**WORK INSTRUCTION:** Begin at the line that has "You can enforce", stop after the line that has "In problem 311B, we're", and print exactly those lines from the records below, without any pictures.

**PROVIDED DATA:**
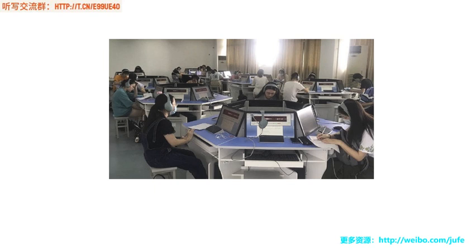The first space mission, crewed entirely by civilians, is due to take off from Cape Canaveral in Florida shortly. Four amateur astronauts will blast into orbit on board a SpaceX rocket. The trip has been paid for by one of the crew, Jared Isaacman, a billionaire businessman. That's the latest news from the BBC.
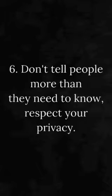Number 6. Don't tell people more than they need to know, respect your privacy.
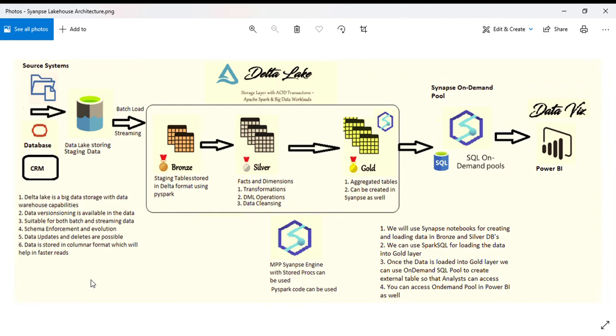You can enforce schema and schema evolution is also possible. Basically, data in Delta Lake is stored in Parquet format, but it uses a Delta log where it logs all the data.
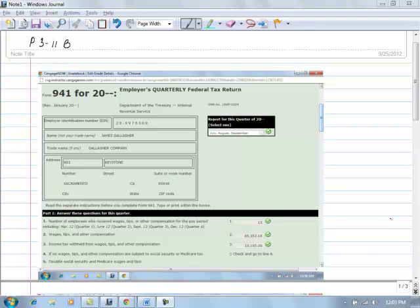In problem 311B, we're taking the form 941 and filling in the information. So just wanted to go down through this as to where the information is coming from.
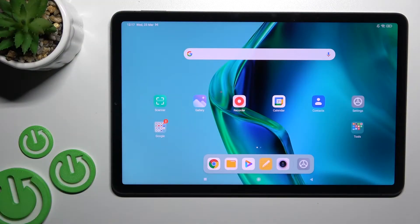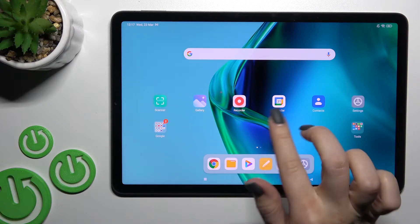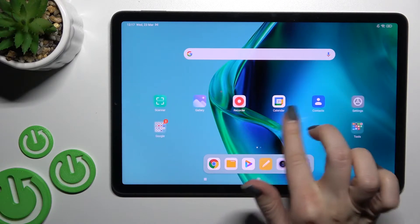Welcome to your friendly Xiaomi guide, part 5. I'll show you how to create home screen folders on this device.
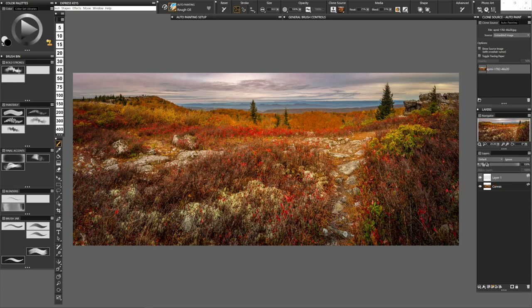These two options — Show Source Image and Toggle Tracing Paper — we won't need for this particular photograph since we're just duplicating it as is. But if I toggle the tracing paper, what that does is if you want to take a completely different photograph and superimpose it here somewhere, you'll be able to see where it would come out. We're going to do that in the very last one, where we're going to combine about six different images together.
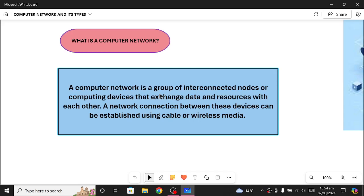One thing we need to keep in mind is that a computer network basically establishes a connection between different devices. There can be two types of connections — it can be a wired connection or it can be wireless. Wired connection involves different sorts of cables and wiring, and wireless media involves radio waves and all this stuff.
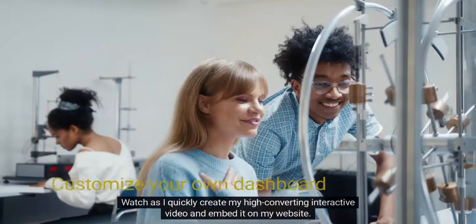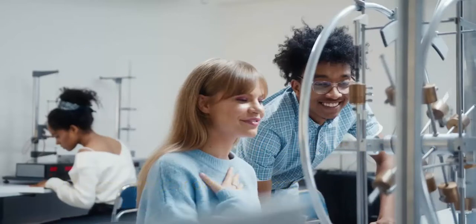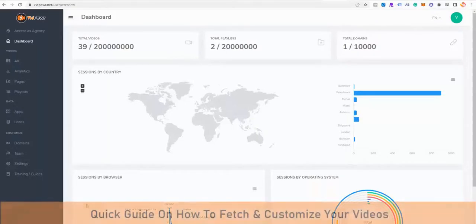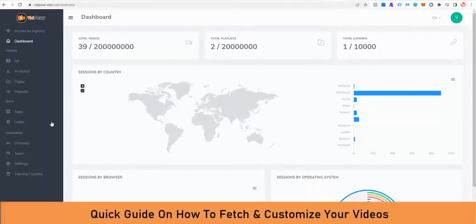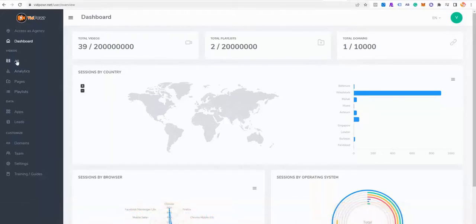Watch as I quickly create my high-converting interactive video and embed it on my website. I'll see you next time. Bye.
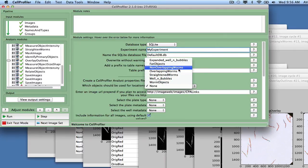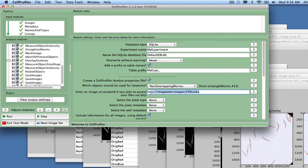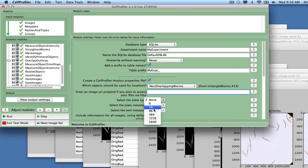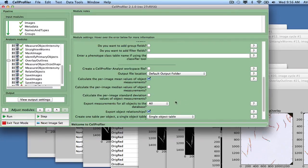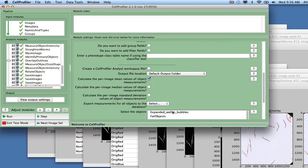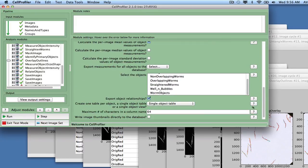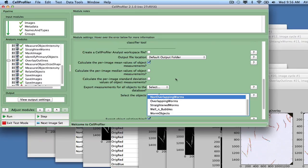Choose Non-Overlapping Worms as the objects used for location. The plate type should be 96. Set the plate metadata to plate, and the well metadata to well. Then specify that only selected objects will be used for export, and select the Non-Overlapping Worm objects.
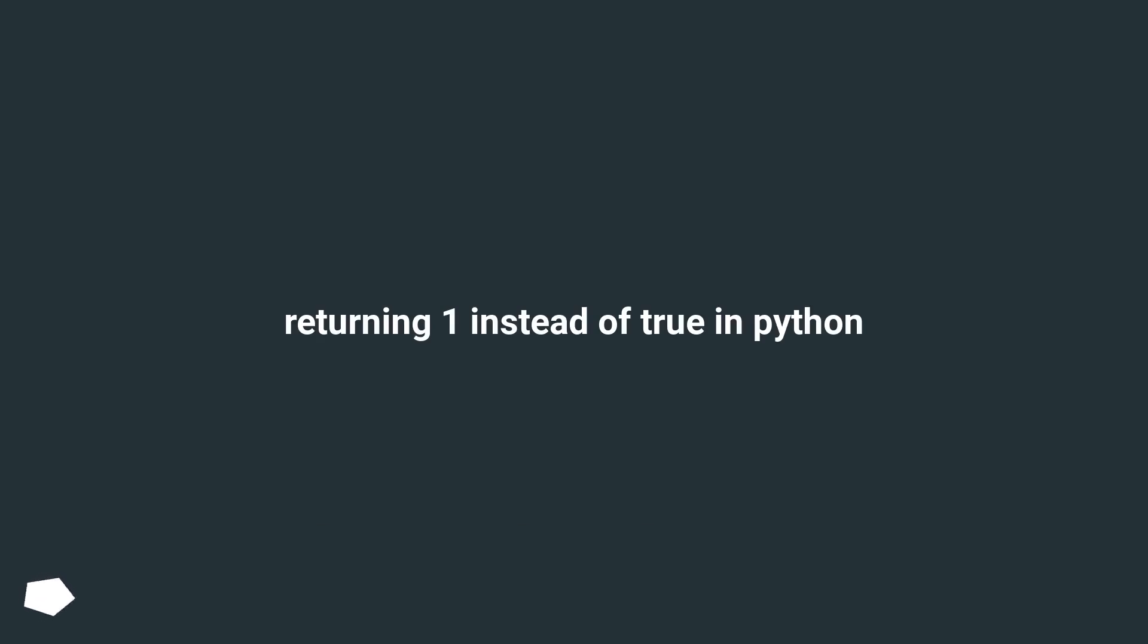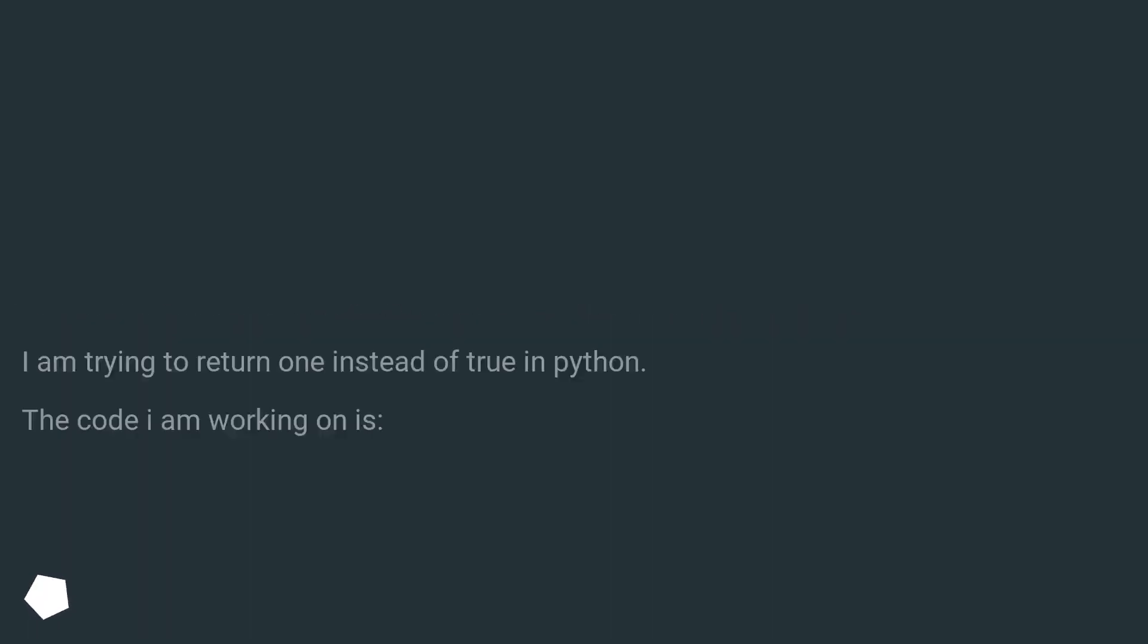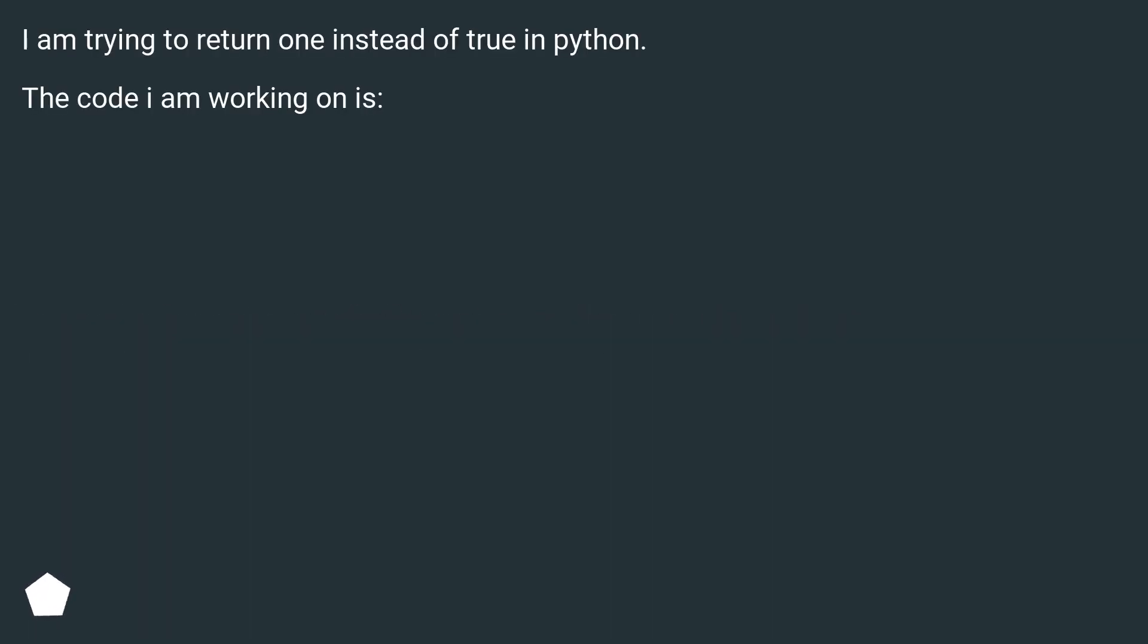Returning 1 instead of true in Python. I am trying to return 1 instead of true in Python. The code I am working on is...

**YOUR RESPONSE:**
You can enforce schema and schema evolution is also possible. Basically, data in Delta Lake is stored in Parquet format, but it uses a Delta log where it logs all the data.
In problem 311B, we're taking the form 941 and filling in the information. So just wanted to go down through this as to where the information is coming from.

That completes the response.